[Entries provided — start]

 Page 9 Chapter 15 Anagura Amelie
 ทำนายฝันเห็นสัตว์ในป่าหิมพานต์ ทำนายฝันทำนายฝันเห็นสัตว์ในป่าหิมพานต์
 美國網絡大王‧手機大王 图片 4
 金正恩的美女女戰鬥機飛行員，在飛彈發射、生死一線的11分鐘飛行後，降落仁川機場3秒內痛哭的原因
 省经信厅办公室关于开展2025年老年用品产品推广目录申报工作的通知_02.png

[Entries provided — finish]
[Entries provided — start]

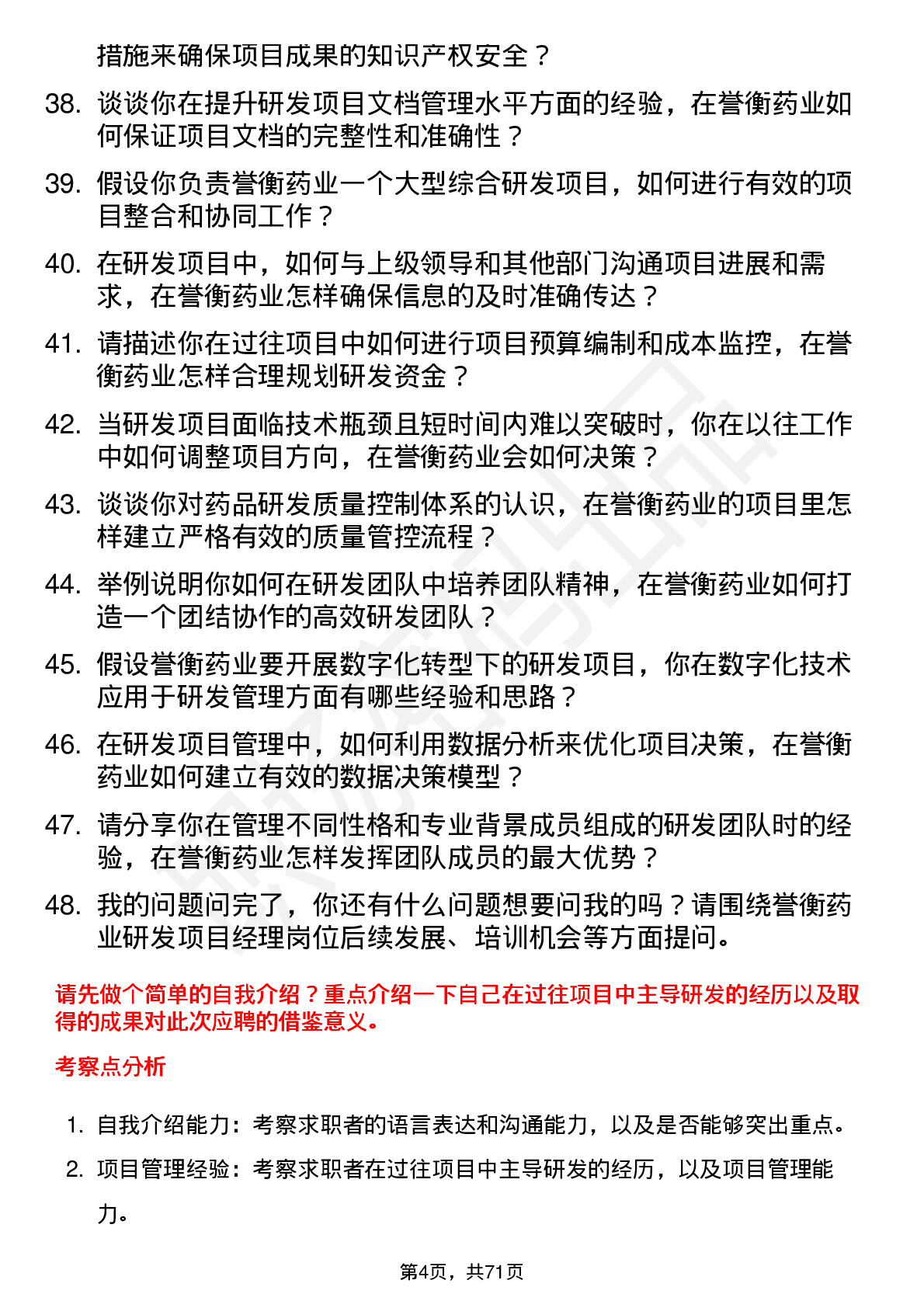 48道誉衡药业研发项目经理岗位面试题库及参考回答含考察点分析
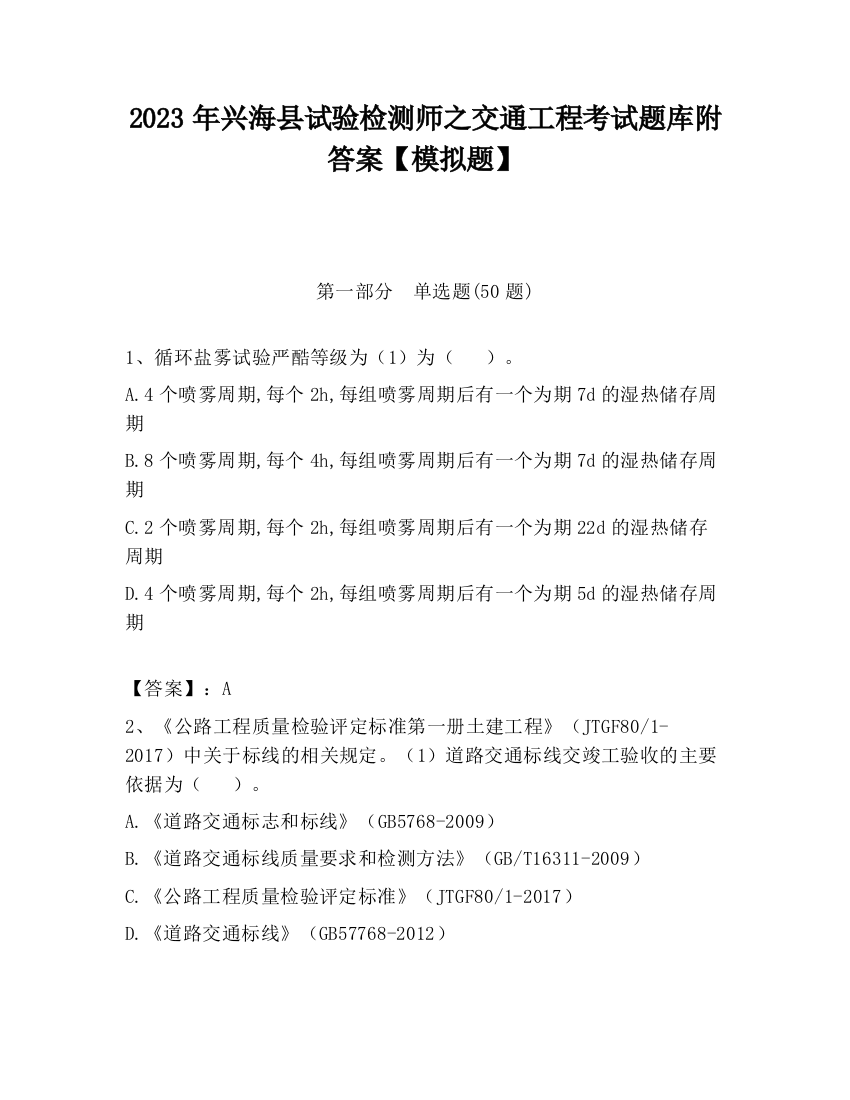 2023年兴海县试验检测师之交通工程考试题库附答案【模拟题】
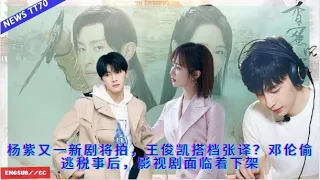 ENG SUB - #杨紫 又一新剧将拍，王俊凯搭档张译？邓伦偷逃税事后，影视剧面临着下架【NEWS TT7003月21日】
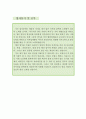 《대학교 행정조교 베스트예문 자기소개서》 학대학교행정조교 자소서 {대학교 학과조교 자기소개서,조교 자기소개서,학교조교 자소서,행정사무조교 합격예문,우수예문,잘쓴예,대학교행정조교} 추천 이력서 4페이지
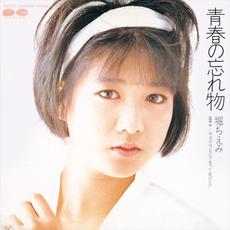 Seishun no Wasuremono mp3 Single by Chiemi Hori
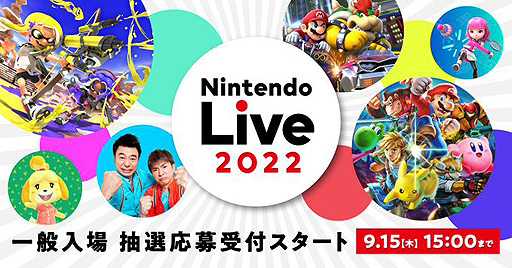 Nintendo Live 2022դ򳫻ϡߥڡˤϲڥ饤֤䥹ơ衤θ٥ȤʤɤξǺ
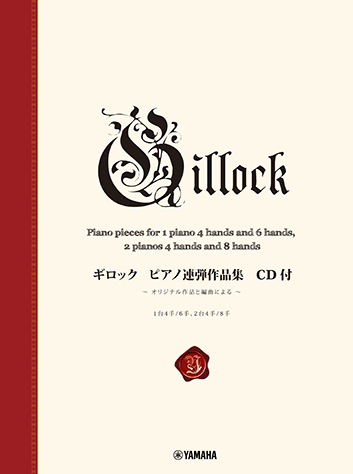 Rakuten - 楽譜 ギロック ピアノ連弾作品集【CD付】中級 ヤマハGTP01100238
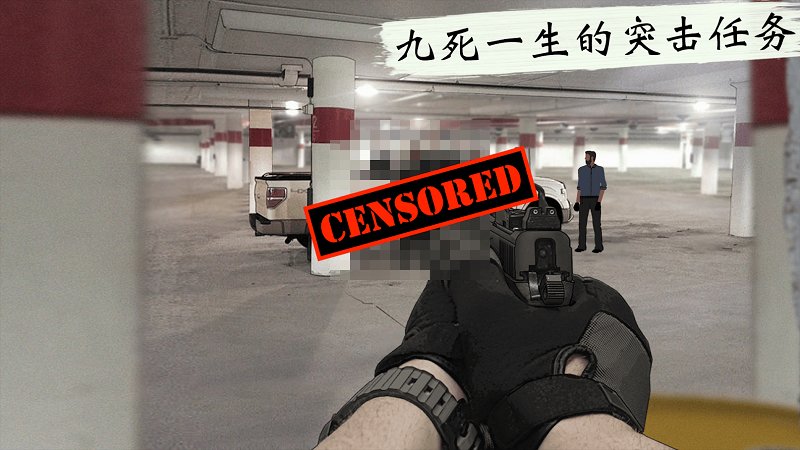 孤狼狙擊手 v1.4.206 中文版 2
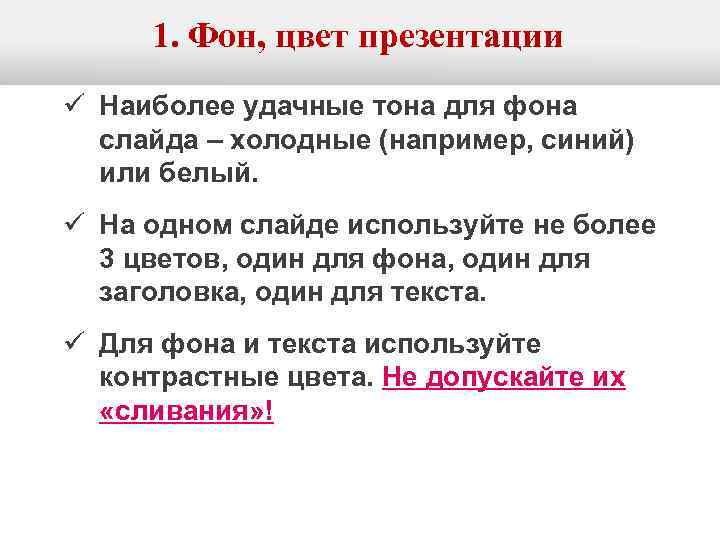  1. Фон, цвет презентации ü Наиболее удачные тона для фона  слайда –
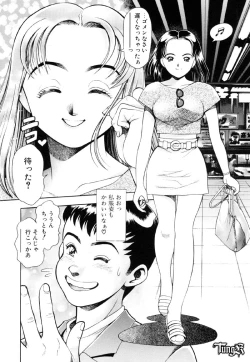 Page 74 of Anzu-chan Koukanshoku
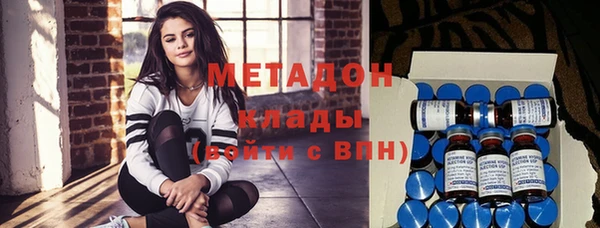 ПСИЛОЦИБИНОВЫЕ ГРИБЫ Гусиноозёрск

[Entries provided — finish]

# Problem details
For this exercise, set down the lines in the entries above from the one with "孤狼狙擊手 v1.4.206 中文版 2" through the one with "ПСИЛОЦИБИНОВЫЕ ГРИБЫ Гусиноозёрск" exactly as written, without any pictures.

# Response to this exercise
 孤狼狙擊手 v1.4.206 中文版 2
  1. Фон, цвет презентации ü Наиболее удачные тона для фона  слайда –
 Page 74 of Anzu-chan Koukanshoku
 ПСИЛОЦИБИНОВЫЕ ГРИБЫ Гусиноозёрск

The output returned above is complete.